At this point it would be really helpful to start profiling your application to understand where the request time is being spent. The only possible network issues from your description of the code would be app to database, but given same region it is unlikely for that to be causing such a large backup.
Can you define “many change events at once”? Are we talking dozens coming in at the same time? Hundreds? thousands? If it’s the database pool backing up because you have a thundering herd problem, that would be helpful to pinpoint, but profiling ecto would let us know where time is being spent. If all you’re really doing is a couple reads and conditional write, then the rest of the phoenix stack wouldn’t be blocking on anything. Having said that, please rule out any other plugs that could be talking to an external service, or hitting a single process bottleneck. Again, ecto profiling would help us rule that out if we see Ecto is the place where the time is being spent. Monitoring the VM processes ordered my message queue size would also rule out a single process bottleneck in your system. The LiveDashboard is showing this stuff, but only if you happen to catch it (all data is ephemeral)

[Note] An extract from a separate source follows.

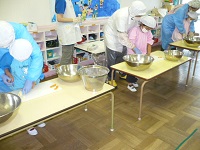 5歳児らいおん組が包丁で調理している写真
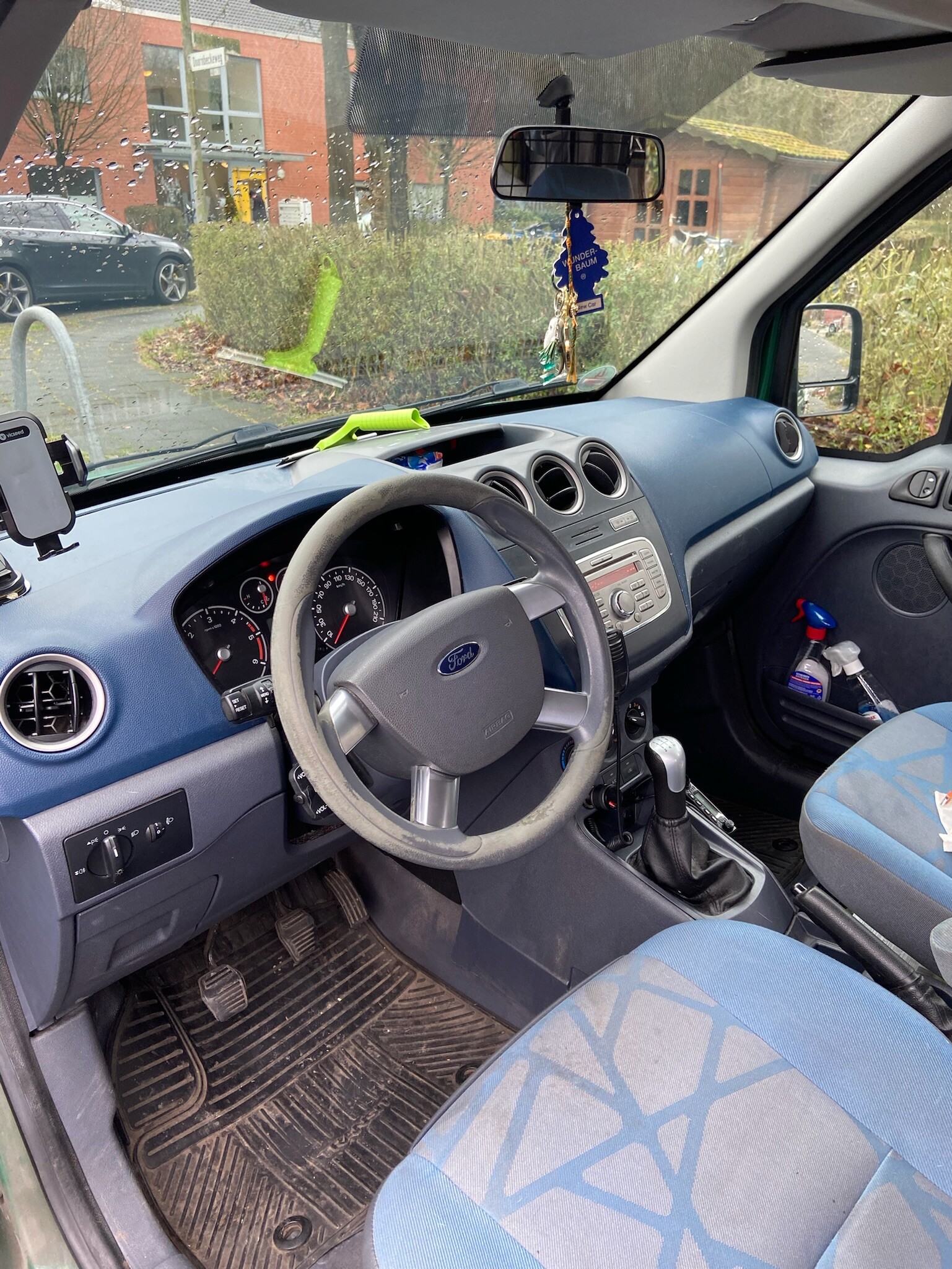 2EFF6C5A-9F32-44A3-AAD2-3204D68E7E77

You can see the telemetry events that Ecto dispatches here:
https://hexdocs.pm/ecto/Ecto.Repo.html#module-adapter-specific-events
You could also wrap whatever your main operations are in spans and log the times:
More information will help narrow down what is happening.
Thank you @chrismccord.
Actually I just started running ab
against a URL which does not even do sth with the database (and redirects as there is no route): ab -n 100 -c 10 http://127.0.0.1:4000/myhandler
.
Locally it’s not a problem at all:
Concurrency Level: 10
Time taken for tests: 3.192 seconds
Complete requests: 100
Failed requests: 0
Non-2xx responses: 100
Total transferred: 62100 bytes
HTML transferred: 15600 bytes
Requests per second: 31.33 [#/sec] (mean)
Time per request: 319.229 [ms] (mean)
Time per request: 31.923 [ms] (mean, across all concurrent requests)
Transfer rate: 19.00 [Kbytes/sec] received
Connection Times (ms)
min mean[+/-sd] median max
Connect: 0 0 0.2 0 1
Processing: 170 299 52.2 287 442
Waiting: 168 298 52.2 287 442
Total: 170 299 52.1 288 442
But on Fly with three instances:
Concurrency Level: 10
Time taken for tests: 17.385 seconds
Complete requests: 100
Failed requests: 0
Non-2xx responses: 100
Total transferred: 60200 bytes
HTML transferred: 7800 bytes
Requests per second: 5.75 [#/sec] (mean)
Time per request: 1738.490 [ms] (mean)
Time per request: 173.849 [ms] (mean, across all concurrent requests)
Transfer rate: 3.38 [Kbytes/sec] received
Connection Times (ms)
min mean[+/-sd] median max
Connect: 68 122 57.4 95 289
Processing: 23 1561 1542.3 1750 4398
Waiting: 22 1560 1542.5 1749 4398
Total: 94 1683 1532.3 1859 4516
I’ll check what I can find out on the machine itself and on the Live Dashboard. And as you suggested checking which plugs are involved.
Found it. It was the log backend towards LogDNA (ex_logdna
). Looks like every log line was sent synchronously.
So yeah, looks like I did some wrong assumptions on my way debugging it. Thanks a lot for your help!